A paper that appeared in the Yonsei Medical Journal in 2004 was titled “Association between Job Stress on Heart Rate Variability and Metabolic Syndrome in Male Workers.”15 The finding of this study was that there is a very strong correlation between what we call loss of heart rate variability and increasing concerns of distress associated with metabolic syndrome. When I say distress I mean physiological distress, or changes in the web of the physiological interconnectedness between insulin, lipids, and inflammatory mediators. So this heart rate variability is an interesting question because as you probably recognize, when people get under stress physiologically, the line structure in their EKG or their electrocardiac rhythm starts to flatten out. As it flattens out, it loses its line structure-in fact, the simplest EKG of all is, as you know, a flat EKG in a dead person. So somewhere between the extraordinarily complex EKG patterns found in a highly fit trained athlete and a flat-line EKG is the range of functional status of the neuroendocrineimmune system as reflected through heart rate variability.

We know that heart rate variability, and also alterations in heart rate variability, are associated with multiple contributors to metabolic syndrome. There are a number of interesting papers showing that heart rate variability becomes much less complex (meaning simpler) in people with metabolic syndrome, such as a study published in a recent issue of Diabetes Care.16

We know that even individuals who undergo a weight loss who have elevated body mass index and have increased ambulatory blood pressures and enhanced cardiac autonomic tone are seen to have improved heart rate variability as they control their weight and also control their metabolic syndrome.
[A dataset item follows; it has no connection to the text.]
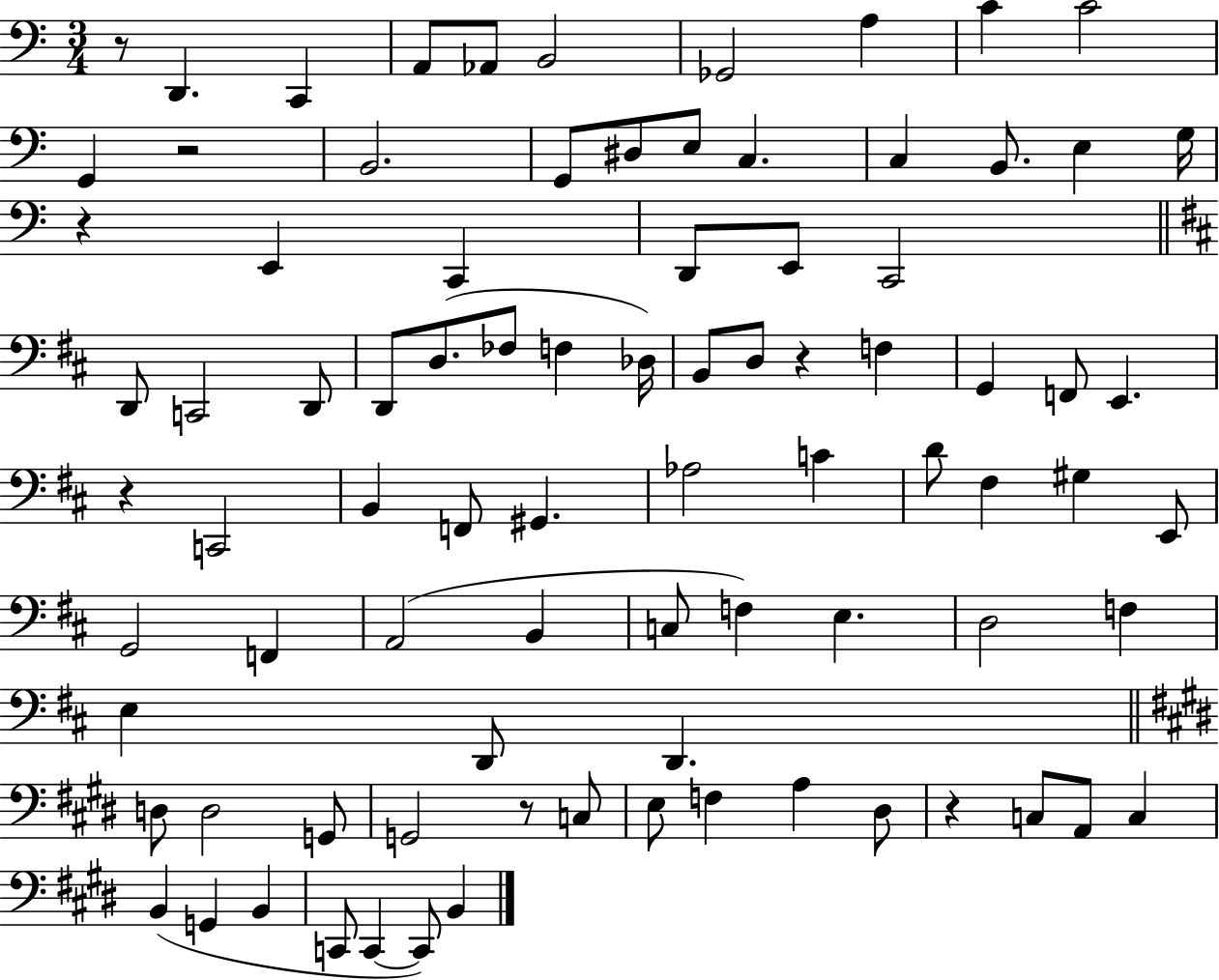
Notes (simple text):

R/e D2/q. C2/q A2/e Ab2/e B2/h Gb2/h A3/q C4/q C4/h G2/q R/h B2/h. G2/e D#3/e E3/e C3/q. C3/q B2/e. E3/q G3/s R/q E2/q C2/q D2/e E2/e C2/h D2/e C2/h D2/e D2/e D3/e. FES3/e F3/q Db3/s B2/e D3/e R/q F3/q G2/q F2/e E2/q. R/q C2/h B2/q F2/e G#2/q. Ab3/h C4/q D4/e F#3/q G#3/q E2/e G2/h F2/q A2/h B2/q C3/e F3/q E3/q. D3/h F3/q E3/q D2/e D2/q. D3/e D3/h G2/e G2/h R/e C3/e E3/e F3/q A3/q D#3/e R/q C3/e A2/e C3/q B2/q G2/q B2/q C2/e C2/q C2/e B2/q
This was published recently in a very nice study that was showing the correlation between body mass index and ultimately metabolic syndrome and how the weight loss with the appropriate type of nutrition and lifestyle program, improved heart rate variability. This was in the Journal of Hypertension.17

And even toxic exposure to things like lead or cadmium or mercury has been associated with increasing incidence of lowered heart rate variability and metabolic syndrome. This was actually recently published in a Veteran’s Administration study that I think is quite interesting in Environmental Health Propectives in 2006 titled “Low-level Lead Exposure, Metabolic Syndrome, and Heart Rate Variability: The VA Normative Aging Study.”18 The findings of this study showed that heart rate variability was decreased in individuals who had been lead exposed (low background lead; this is chronic lead exposure) as was measured by looking at lead concentration in the bone and that metabolic syndrome was enhanced in these individuals.

So you’ll notice there is an interconnection of a number of factors. Psychosocial stress and chemical stress associate themselves with alteration in the metabolic web and are seen as lowered heart rate variability. So, another tool that you might consider of clinical importance.

Thanks for being with us in August and we look forward to continuing this theme as we move into September.